Over the next six months the SALT project will building a recommender prototype for Copac and the JRUL OPAC interface, which will be tested by the communities of users of those services. Following on from the invaluable work undertaken at the University of Huddersfield, we’ll be working with ten years+ of aggregated and anonymised circulation data amassed by JRUL. Our approach will be to develop an API onto that data, which in turn we’ll use to develop the recommender functionality in both services. Obviously, we’re indebted to the previous knowledge acquired by a similar project at the University of Huddersfield and the SALT project will work closely with colleagues at Huddersfield (Dave Pattern and Graham Stone) to see what happens when we apply this concept in the research library and national library service contexts.
Our overall aim is that by working collaboratively with other institutions and Research Libraries UK, the SALT project will advance our knowledge and understanding of how best to support research in the 21st century. Libraries are a rich source of valuable information, but sometimes the sheer volume of materials they hold can be overwhelming even to the most experienced researcher — and we know that researchers’ expectation on how to discover content is shifting in an increasingly personalised digital world. We know that library users — particularly those researching niche or specialist subjects — are often seeking content based on a recommendation from a contemporary, a peer, colleagues or academic tutors. The SALT Project aims to provide libraries with the ability to provide users with that information. Similar to Amazons, ‘customers who bought this item also bought….’ the recommenders on this system will appear on a local library catalogue and on Copac and will be based on circulation data which has been gathered over the past 10 years at The University of Manchester’s internationally renowned research library.
How effective will this model prove to be for users — particularly humanities researchers users?
Here’s what we want to find out:
- Will researchers in the field of humanities benefit from receiving book recommendations, and if so, in what ways?
- Will the users go beyond the reading list and be exposed to rare and niche collections — will new paths of discovery be opened up?
- Will collections in the library, previously undervalued and underused find a new appreciative audience — will the Long Tail be exposed and exploited for research?
- Will researchers see new links in their studies, possibly in other disciplines?
We also want to consider if there are other potential beneficiaries. By highlighting rarer collections, valuing niche items and bringing to the surface less popular but nevertheless worthy materials, libraries will have the leverage they need to ensure the preservation of these rich materials. Can such data or services assist in decision-making around collections management? We will be consulting with Leeds University Library and the White Rose Consortium, as well as UKRR in this area.
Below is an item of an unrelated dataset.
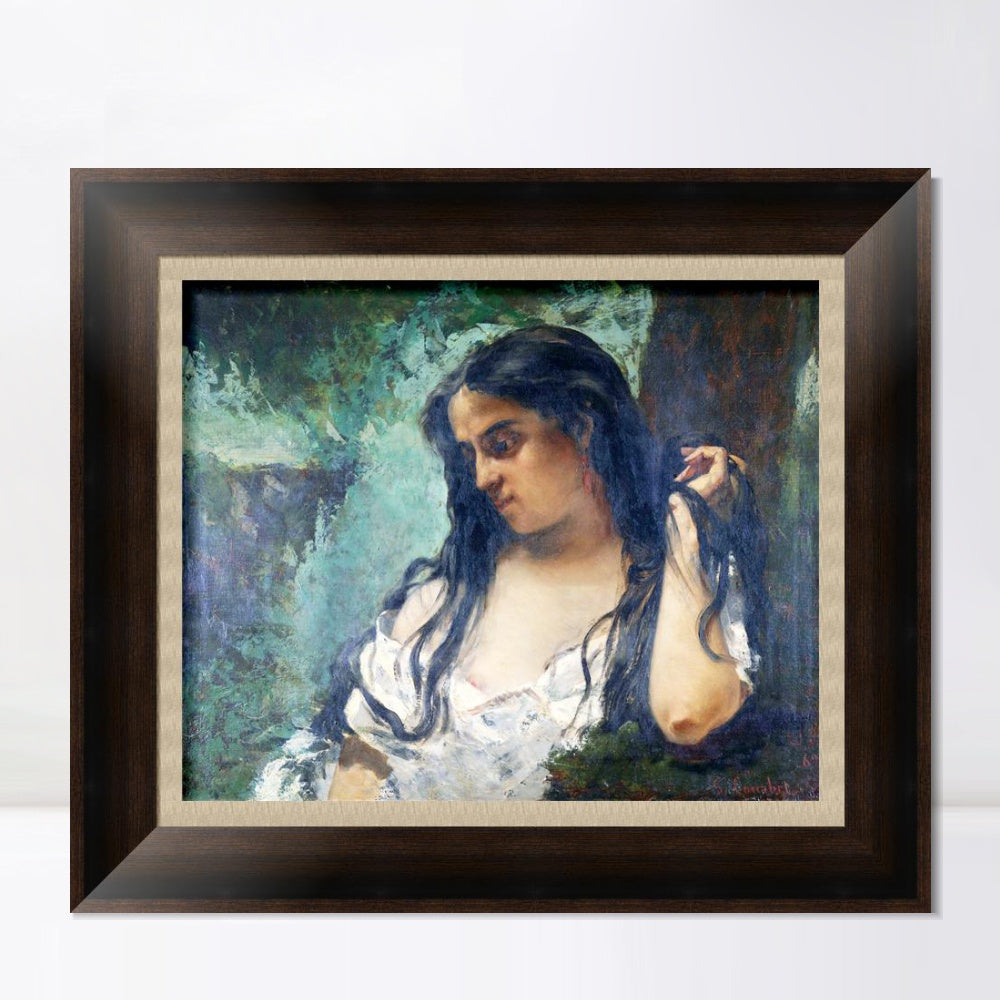 INVIN ART Framed Canvas Art Giclee Print Series#007 by Gustave Courbet Wall Art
(And finally, as part of our sustainability planning, we want to look at how scalable this approach might be for developing a shared aggregation service of circulation data for UK University Libraries. We’re working with potential data contributors such as Cambridge University Library, University of Sussex Library, and the M25 consortium as well as RLUK to trial and provide feedback on the project outputs, with specific attention to the sustainability of an API service as a national shared service for HE/FE that supports academic excellence and drives institutional efficiencies.